Countdown was an Australian pop music TV series on national broadcaster ABC-TV from 1974 to 1987, it presented music awards from 1979 to 1987, initially in conjunction with magazine TV Week which had sponsored the previously existing 'King of Pop' Awards. The TV Week/Countdown Rock Music Awards were a combination of popular-voted and peer-voted awards.

The award year below relates to the year of achievement and not the year they were presented.

===1979===
Ceremony details: Held on 13 April 1980, broadcast on Countdown by ABC-TV, the TV Week Rock Music Awards for 1979 presented a revamped awards ceremony with 'King of Pop' title replaced by 'Most Popular Male' and 'Queen of Pop' replaced by 'Most Popular Female'. Hosted by Glenn Shorrock of Little River Band, there were three live performances: Christie Allen "He's My Number One", Australian Crawl "Beautiful People" and Split Enz "I Got You". Various music industry personalities explained the categories, announced nominees and presented the 1979 awards. 'Most Popular' awards were voted for by readers of TV Week sending in printed coupons, with the three highest reader responses read out as nominations. Industry awards were voted for by radio programme directors, rock magazine editors and journalists. Presenters included Darryl Cotton, Richard Gower (Racey), John O'Keefe (son of Johnny O'Keefe), John Farnham, Colleen Hewett, Graeme Strachan, Ian "Molly" Meldrum, and Harry Casey (KC & the Sunshine Band).

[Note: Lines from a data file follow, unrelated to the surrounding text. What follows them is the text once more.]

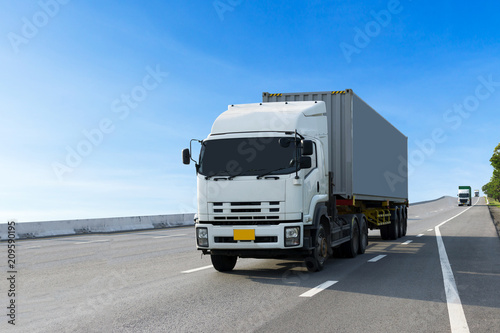 Truck on highway road with container, transportation concept.,import,export logistic industrial Transporting Land transport on the asphalt expressway.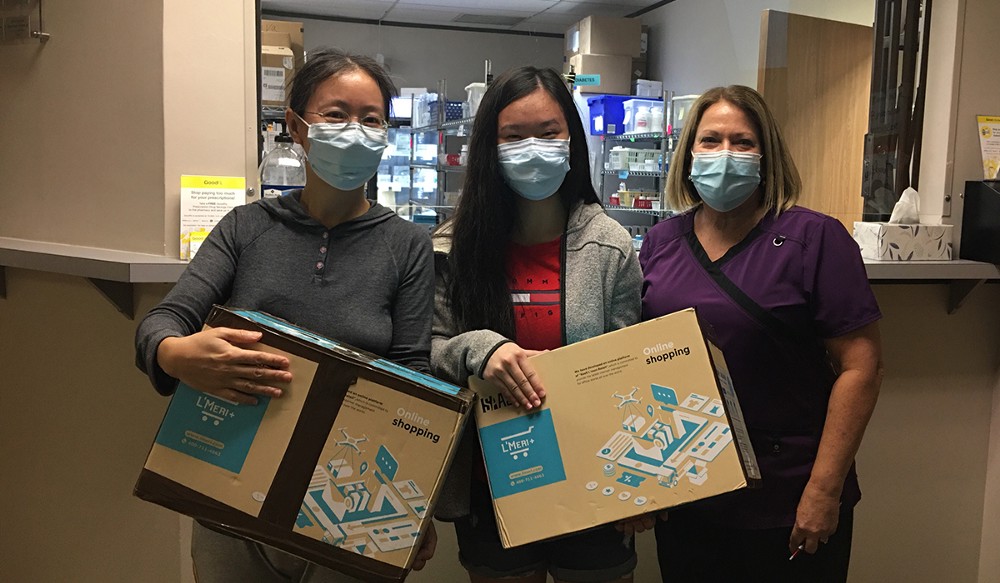 Two women holding each one a box next to a woman dressed as a nurse.
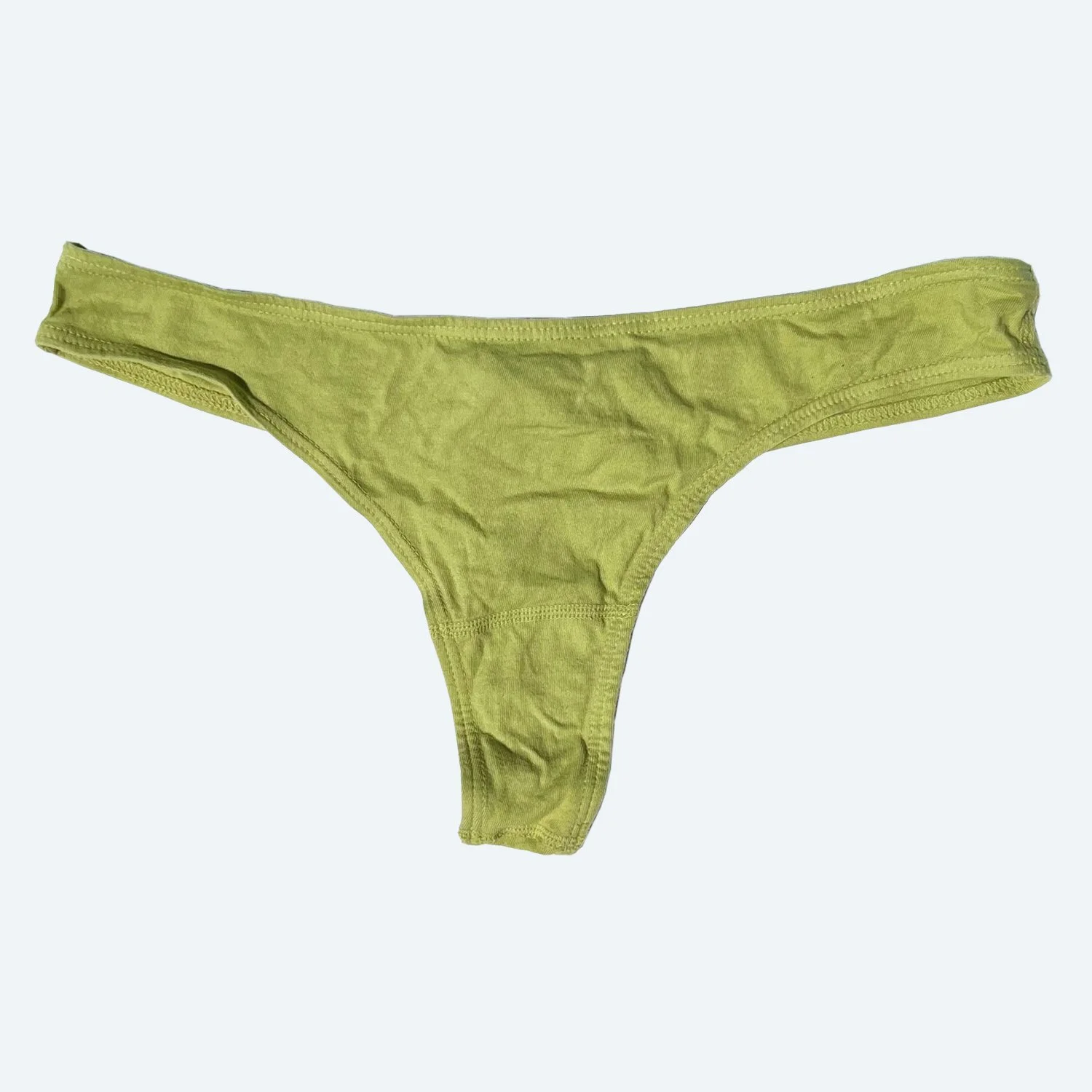 Flat lay of Pansy thong in avocado green on a pale blue-gray background.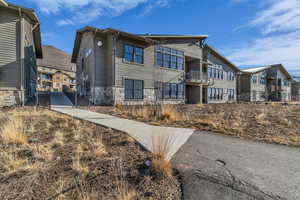 View of front of property featuring stone siding, a gate, and a balcony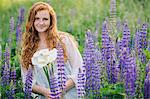 Portrait of young woman amongst purple wildflowers holding bunch of lilies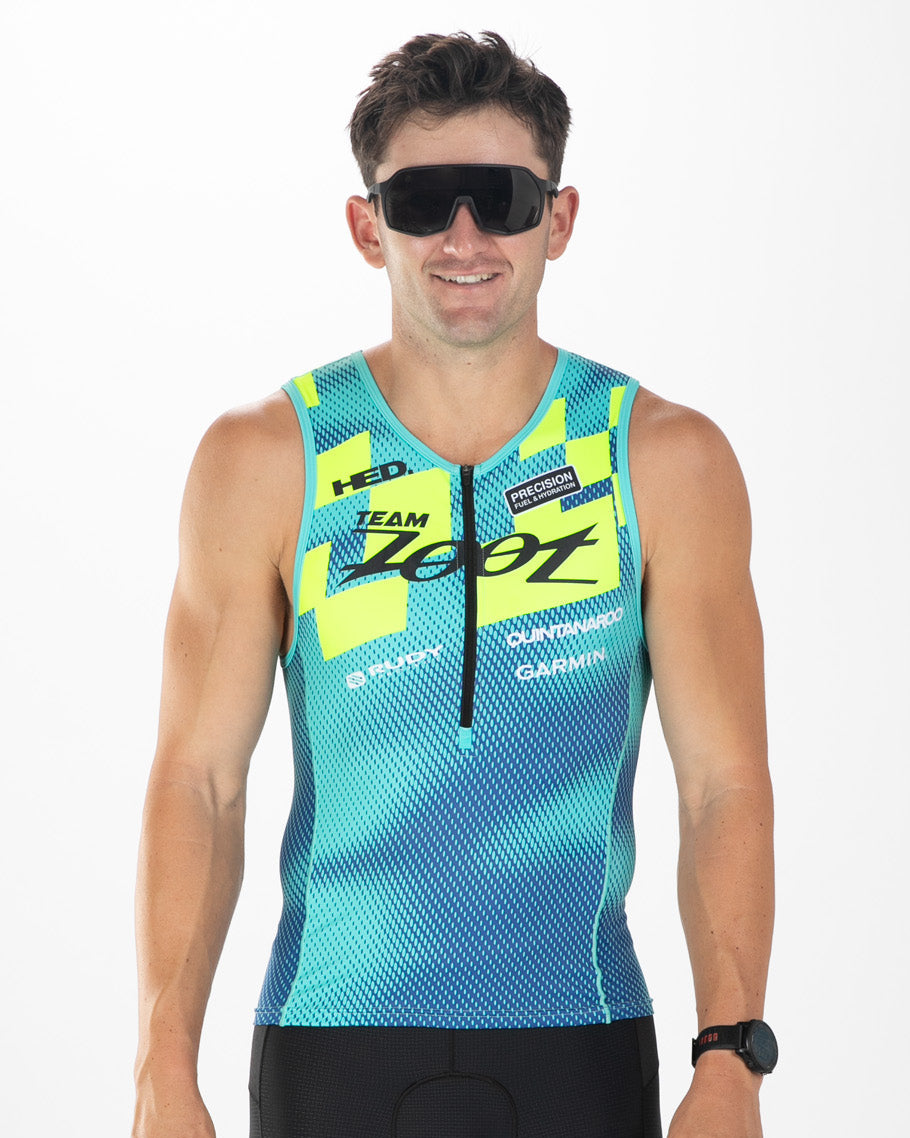 A man wearing a sleeveless cycling jersey with a blue and yellow gradient pattern, black cycling shorts, and black sunglasses, standing against a white studio background.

Award winners and nominees:
- Best Australian Album
  - First Under the Wire – Little River Band
    - Breakfast at Sweethearts – Cold Chisel
    - Graffiti Crimes – Mi-Sex
    - Face to Face – The Angels
- Best Australian Single
  - "Computer Games" – Mi-Sex
    - "Lonesome Loser" – Little River Band
    - "The Nips Are Getting Bigger" – Mental As Anything
- Best New Talent (Johnny O'Keefe Memorial Award)
  - Mi-Sex
    - Christie Allen
    - Mental As Anything
- Best Recorded Songwriter
  - Terry Britten – "He's My Number One" by Christie Allen
    - Beeb Birtles & Graeham Goble – "I'm Coming Home" by Birtles & Goble
    - Don Walker – "Choirgirl" by Cold Chisel
- Countdown Producers Award (for continued co-operation, enthusiasm and professionalism)
  - The Angels
- Most Outstanding Achievement
  - Little River Band
    - Mike Brady
    - Jon English
    - The Sports
- Best Australian Producer
  - Peter Dawkins – Graffiti Crimes for Mi-Sex
- Best Australian Record Cover Design
  - Breakfast at Sweethearts – Cold Chisel
- Most Popular Album or Single
  - "Computer Games" – Mi-Sex
    - "Goosebumps" – Christie Allen
    - "Up There Cazaly" – The Two-Man Band
- Most Popular Female Performer
  - Christie Allen
    - Colleen Hewett
    - Marcia Hines
- Most Popular Group
  - Little River Band
    - Mi-Sex
    - Sherbs (a.k.a. Sherbet, Highway)
- Most Popular Male Performer
  - Jon English
    - Daryl Braithwaite
    - John Paul Young
- Best Disc Jockey (winners only, by State)
  - Ian McCray 2SM Sydney, New South Wales
  - Wayne Roberts 4BK Brisbane, Queensland
  - Steve Curtis 5AD Adelaide, South Australia
  - Jim Franklin 7HT Hobart, Tasmania
  - Greg Evans 3XY Melbourne, Victoria
  - Lionel Yorke 6PM Perth, Western Australia

===1980===
Ceremony details: Held on 16 March 1981 at Regent Theatre Sydney, and broadcast live to air on the same night, it was hosted by Countdown host Ian "Molly" Meldrum and international guests Suzi Quatro and Jermaine Jackson. Presenters included: Lee Simon, Donnie Sutherland, Marc Hunter, James Freud, Graham Russell, Russell Hitchcock and David Tickle. Performers were: Split Enz "History Never Repeats", Flowers "Icehouse", The Swingers "Counting the Beat", Air Supply "Lost in Love", "Every Woman in the World" and "All Out of Love", Australian Crawl "The Boys Light Up". Cold Chisel performed the last live number, "My Turn to Cry", to close the show and then trashed their instruments and the set. Sponsors TV Week withdrew their support for the awards and Countdown held its own awards ceremonies thereafter. The awards were voted by music industry sectors including, record companies major and independent, publishers, booking agents, radio stations and specific 'most popular' awards voted by the public.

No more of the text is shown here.